Prep Time 15 minutes
Cook Time 25 minutes
Total Time 40 minutes


  • I 450 gram / 1 lb package phyllo dough
  • 200 grams / about 7 oz. butter
  • 250 grams / about 8 oz. feta cheese
  • 200 g / scant 1 cup thick strained Greek yogurt
  • About 20 fresh mint leaves, or 1 tsp. of dried mint (plus more to taste)
  • Honey - Thyme honey is particularly good


  1. Preheat your oven to 180° C / 375°F.
  2. Melt the butter.
  3. Crumble the feta into a bowl and mix with the strained yogurt and the chopped mint leaves.
  4. Butter a shallow round baking dish - we used a fluted quiche dish.
  5. Lay a sheet of phyllo into the dish, crimping it a little. You should have gathers in the bottom of the dish, and a little overhang around the sides.
  6. Butter the phyllo generously, and repeat with another sheet.
  7. Repeat 6 or 7 times.
  8. Spread your feta mixture evenly over the buttered layers of phyllo.
  9. Drape the overhanging leaves back over the cheese mixture, buttering some of them in between.
  10. Continue to build up layers of phyllo, this time pinching them and crimping them to stay within the rim of the dish. If you aim for a crinkled, rustic effect it will look great. Another 7 or 8 layers should do it.
  11. Bake in the middle of the oven until it's a deep rich golden color (definitely not light brown).
  12. Serve hot, with honey on each individual piece.

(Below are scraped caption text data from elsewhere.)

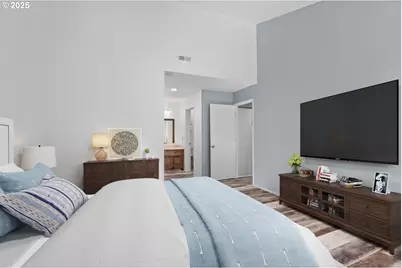 1771 NW 143rd Ave #40, Portland, OR 97229 - Photo 16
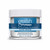 Gelish Prohesion "Vivid White" - 105 g | 3.7 oz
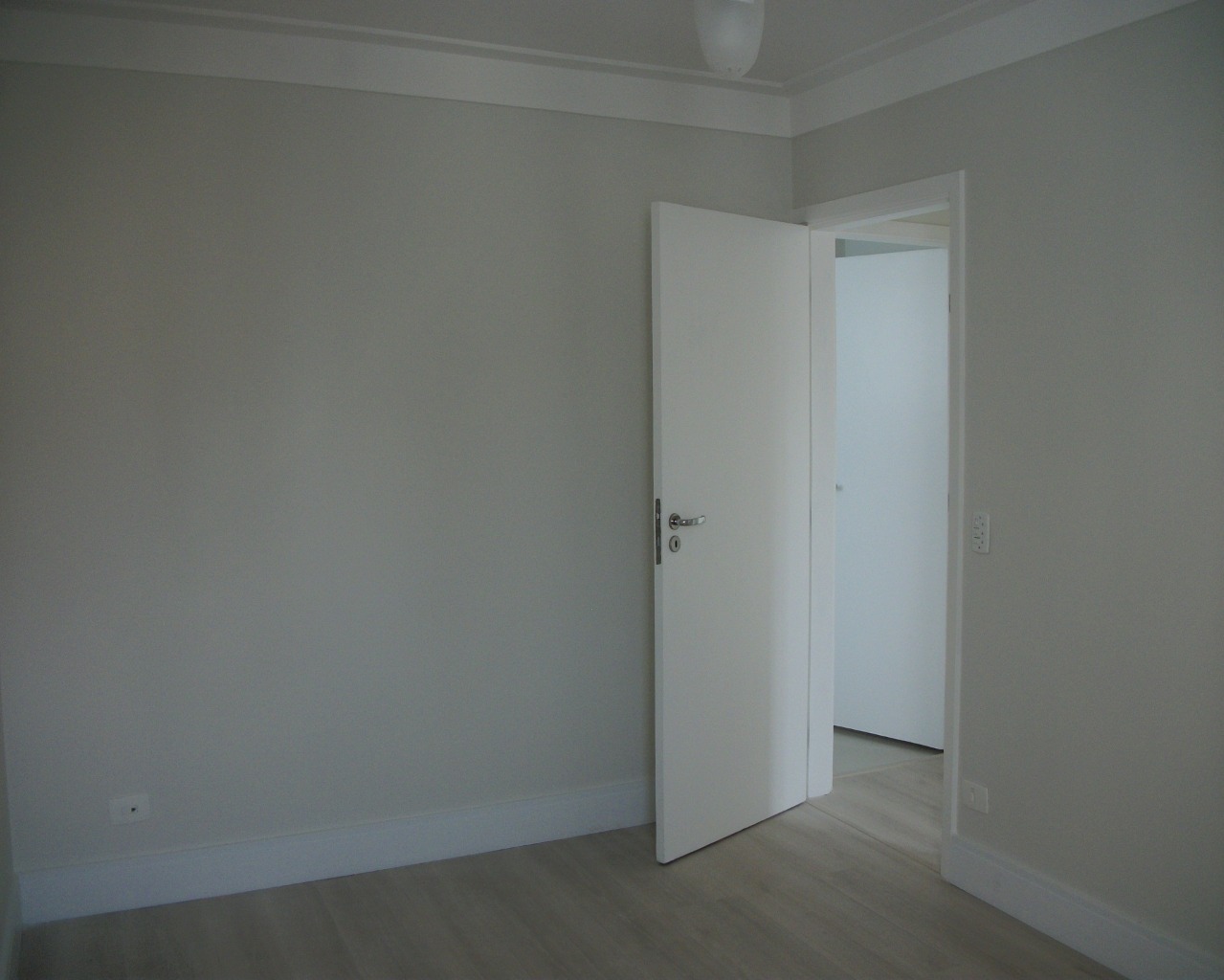 Apartamento, 2 quartos, 50 m² - Foto 8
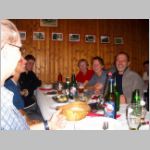 Wandern Vogesen 2005  015.JPG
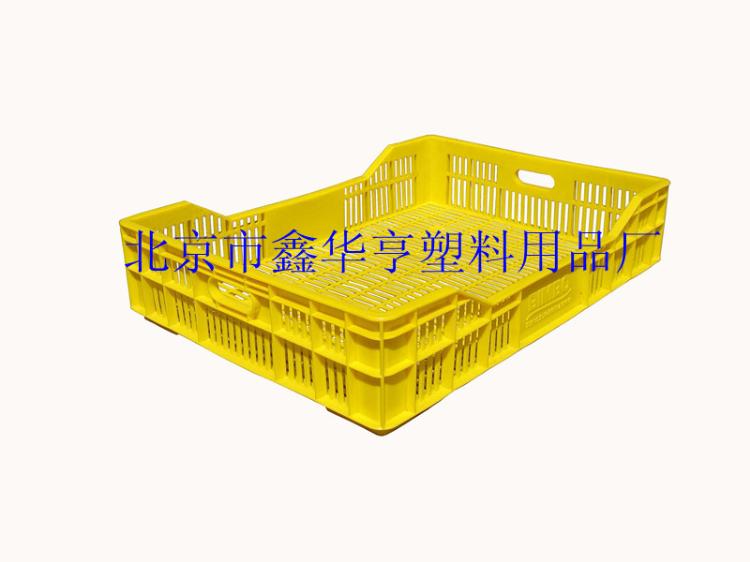 (575*415*125mm)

  • The tiropita is puffy and beautiful when it comes out of the oven - try to serve it right away.
  • Your cheese pie can sit around for an hour or so before baking, so it's easy to get the timing just right.
  • If the air in your kitchen is really dry, your phyllo may get very brittle. Just moisten your hands and proceed. This pie looks great messy and rustic.
  • The mint is really sensational with the cheese and the honey. But if you don't care for mint, it's also delicious without it.